Quote all of the data exactly as given. Skip every picture it contains.

▸ Data segment:

---------------

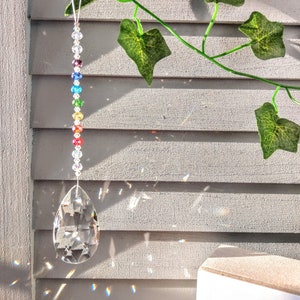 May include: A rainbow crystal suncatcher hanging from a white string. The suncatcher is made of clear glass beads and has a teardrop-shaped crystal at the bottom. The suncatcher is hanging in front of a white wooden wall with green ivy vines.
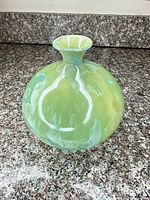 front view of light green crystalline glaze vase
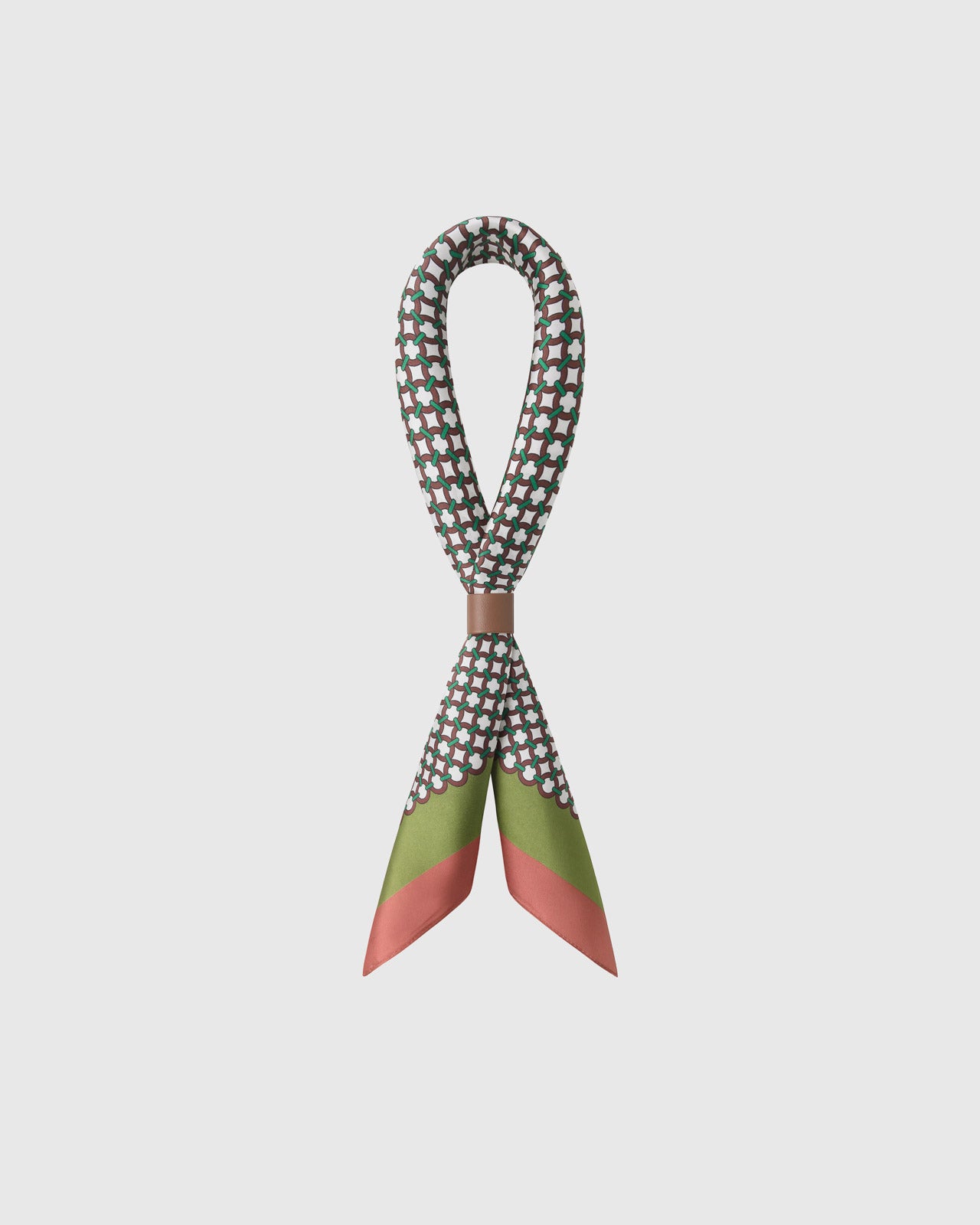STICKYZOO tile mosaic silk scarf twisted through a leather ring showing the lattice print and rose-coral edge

---------------

▸ Solution to this exercise:
 May include: A rainbow crystal suncatcher hanging from a white string. The suncatcher is made of clear glass beads and has a teardrop-shaped crystal at the bottom. The suncatcher is hanging in front of a white wooden wall with green ivy vines.
 front view of light green crystalline glaze vase
STICKYZOO tile mosaic silk scarf twisted through a leather ring showing the lattice print and rose-coral edge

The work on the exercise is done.